Para entender o processo, depois de transitado e julgado a sentença contra o ente público, cabe ao juiz de primeira instância expedir o ofício requisitório, o qual é encaminhado ao presidente do Tribunal. Na presidência será feito o registro e a confirmação de todos os requisitos necessários. Passada esta última fase, aí sim o presidente expedirá à Fazenda Pública o Precatório ou a RPV.
Em síntese, após o recebimento do pedido, o presidente do Tribunal de Justiça (TJ) ou do Tribunal Regional Federal (TRF) que estiver tramitando o processo autoriza o início do Precatório ou RPV, que é formado a partir do ofício requisitório. Sendo assim, podemos entender que não tem como existir Precatórios ou RPV sem os ofícios requisitórios.
Para você compreender ainda mais a importância deste documento, esclarecemos algumas dicas a seguir. Confira!

O que consta em um ofício requisitório?

No ofício, o juiz da execução informará na requisição diversos itens do processo, como:

O ofício requisitório somente poderá ser processado e transformado em Precatório ou RPV quando forem atendidos todos os requisitos fornecidos pelo juízo da execução.
Estando o ofício requisitório regular e instruído com todas as peças necessárias, ele será numerado e transformado em Precatório ou RPV. Ele funciona com ordenamento crescente e numeração própria para cada entidade devedora. Em seguida, o presidente do Tribunal determinará a requisição do valor a ser consignado ao Poder Judiciário, observadas as regras do regime geral ou especial dos pagamentos.

Como é um modelo de ofício requisitório?

Nos sites dos Tribunais de Justiça é possível encontrar modelos de ofícios requisitórios. Por exemplo, no portal do TJMG, você pode ter acesso ao download do modelo neste link. Já no site do TJSP, você encontra modelo de ofício requisitório, observações e esclarecimentos gerais para o preenchimento neste link.

A disponibilização destes formulários tem por objetivo padronizar a apresentação das requisições ao Tribunal evitando possíveis devoluções por falta de informações e documentos.

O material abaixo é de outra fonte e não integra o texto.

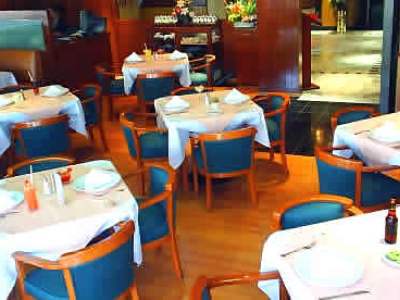 Hotel Segovia Regency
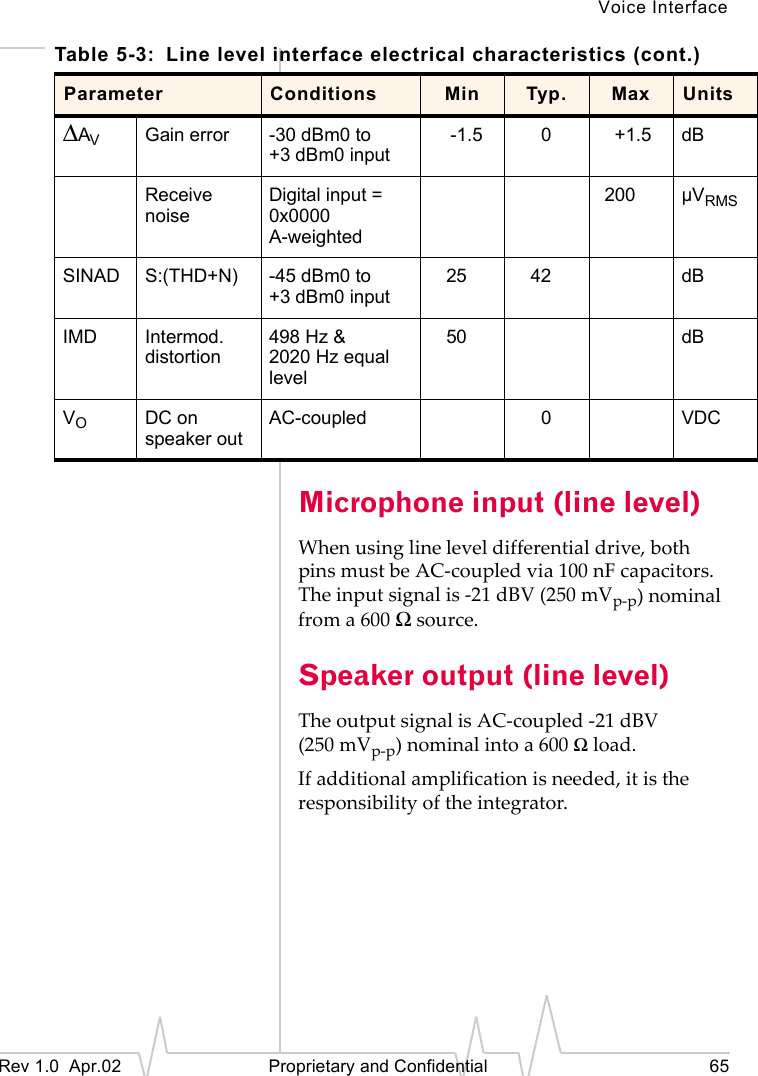 Voice InterfaceRev 1.0  Apr.02   Proprietary and Confidential 65Microphone input (line level)When using line level differential drive, both pins must be AC-coupled via 100 nF capacitors.  The input signal is -21 dBV (250 mVp-p) nominal from a 600 Ω source.Speaker output (line level)The output signal is AC-coupled -21 dBV (250 mVp-p) nominal into a 600 Ω load.If additional amplification is needed, it is the responsibility of the integrator.∆AVGain error -30 dBm0 to +3 dBm0 input-1.5 0+1.5 dBReceive noiseDigital input = 0x0000A-weighted200 µVRMSSINAD S:(THD+N) -45 dBm0 to +3 dBm0 input25 42 dBIMD Intermod. distortion498 Hz &amp; 2020 Hz equal level50 dBVODC on speaker outAC-coupled 0VDCTable 5-3: Line level interface electrical characteristics (cont.)Parameter Conditions Min Typ. Max Units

Tem como recuperar Precatórios e RPVs por novo ofício requisitório?

Sim, é possível recuperar Precatórios e RPVs confiscados pelo governo. Existe uma lei que permite bloqueio do dinheiro não sacado de Precatórios e RPVs há mais de dois anos. Para reaver o valor é preciso um novo pedido judicial, através de um novo ofício requisitório.
Ou seja, o beneficiário não perde o direito aos créditos. Sendo assim, caso ele não faça o saque dentro de dois anos na conta indicada e o dinheiro seja bloqueado, ele deve fazer um novo ofício requisitório na Justiça para receber a RPV ou o Precatório retidos.
Após esse cancelamento, o credor deve ser comunicado para que ele possa entrar com pedido de reaver o dinheiro. Depois de pedir a expedição de um novo Precatório ou RPV, o beneficiário mantém a mesma posição ocupada anteriormente.
É bom saber que, ao contrário dos Precatórios, que têm valores previamente conhecidos para inclusão na Lei Orçamentária Anual (LOA), os recursos orçamentários para pagamento das RPVs são provenientes de estimativas anuais. Eles são inclusos na Lei Orçamentária Anual (LOA) do exercício seguinte. Esse procedimento permite que se encomendem aos TRFs créditos necessários para atender, no prazo de 60 dias, contados da apresentação no tribunal, todas as RPVs que sejam apresentadas ao longo do exercício.
Para finalizar, o ideal é sempre ficar de olho no andamento do processo do seu Precatório ou RPV. Assim, se evita dores de cabeça e ter de entrar novamente na Justiça para requerer a quantia de volta.